We now compare the observed value of $f$ with the prediction of (4.9). In figure 6(a), we show the measured frequency $f$, extracted from the space–time representation of the RI data (figure 5d), as a function of the impact velocity $U$ for various substrate temperatures $T_s$. The frequency $f$ ranges from $22$ to $48$ kHz. For a fixed superheat, $f$ increases with the impact velocity. This variation is in qualitative agreement with the prediction of (4.9) as, combining it with the scaling relation linking the dimple height to the Stokes number (3.8), we obtain a power-law relationship with exponent $5/3$ between $f_{th}$ and the impact velocity $U$, or in dimensionless form, the Stokes number St

(4.10)\begin{equation} f_{th}\tau_c \sim {\textit{St}}^{5/3}\mathcal{E}^{1/2}.\end{equation}

This power-law behaviour is consistent with the experimental variation displayed in figure 6(a), where the dashed lines are drawn as guides to the eye with a slope $5/3$. Equation (4.10) also reveals the power law, with exponent $-1/3$, that links the frequency $f_{th}$ and the radius $R$. This weak dependence justifies, a posteriori, our hypothesis to disregard the time variation of the vapour film radius. Probing the effect of the substrate temperature $T_s$ is more subtle, as it affects both the evaporation number $\mathcal {E}$ and the dimple height $h_d$. To quantitatively test the frequency prediction, we evaluate the temperature-dependent gas properties. As the conduction time scale $h_d^2/\kappa _v$ is of the order of $0.1\,\mathrm {\mu }$s, we consider steady heat transfer in the vapour film.
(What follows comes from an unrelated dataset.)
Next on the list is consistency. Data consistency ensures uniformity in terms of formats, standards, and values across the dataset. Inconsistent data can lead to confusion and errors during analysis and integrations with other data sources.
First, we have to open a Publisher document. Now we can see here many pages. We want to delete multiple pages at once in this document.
We evaluate the density, thermal conductivity and viscosity at $(T_s+T_b)/2$ and plot the measured frequency $f$ normalized by the prediction $f_{th}$ as a function of $U$ (figure 6b). In this plot, the dimple heights $h_d$ are measured. We choose $\xi = 4$, as the ratio of the liquid to the vapor viscosity $\eta _l(T_b)/\eta _v((T_s+T_b)/2) \approx 35$ is smaller than the viscosity contrast at the liquid/air interface under ambient conditions ($\eta _l/\eta _g \approx 55$), favouring slip. The data collapse on a constant $0.25 \pm 0.1$ when varying $T_s$. The hydrodynamic model captures both the effect of superheat and impact velocity, but consistently overpredicts by a factor four the oscillation frequency. This discrepancy can be explained by the simplicity of the model that disregards the spatial variation of the gas film thickness and the temporal variation of its radial extent. More elaborate models could also introduce a slip length at the liquid/gas interface, and discuss liquid entrainment driven by the vapour flow.
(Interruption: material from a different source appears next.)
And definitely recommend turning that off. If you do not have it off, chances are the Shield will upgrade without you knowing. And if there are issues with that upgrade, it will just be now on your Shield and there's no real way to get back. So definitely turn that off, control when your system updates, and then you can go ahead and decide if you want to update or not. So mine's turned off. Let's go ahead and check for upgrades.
Figure 6. (a) Oscillation frequency $f$ of the gas film for impacts at velocity $U$ on substrates with different $T_s$ (same legend as in (b)). Dashed lines with slope $5/3$ are drawn as a guide to the eye. (b) Measured frequency $f$ divided by the frequency $f_{th}$ predicted from (4.9) as a function of $U$ for various substrate temperatures. The data collapse on a constant value $0.25 \pm 0.1$. Although the data are consistent with the scaling of (4.9), the prefactor in that expression is approximately four times too large.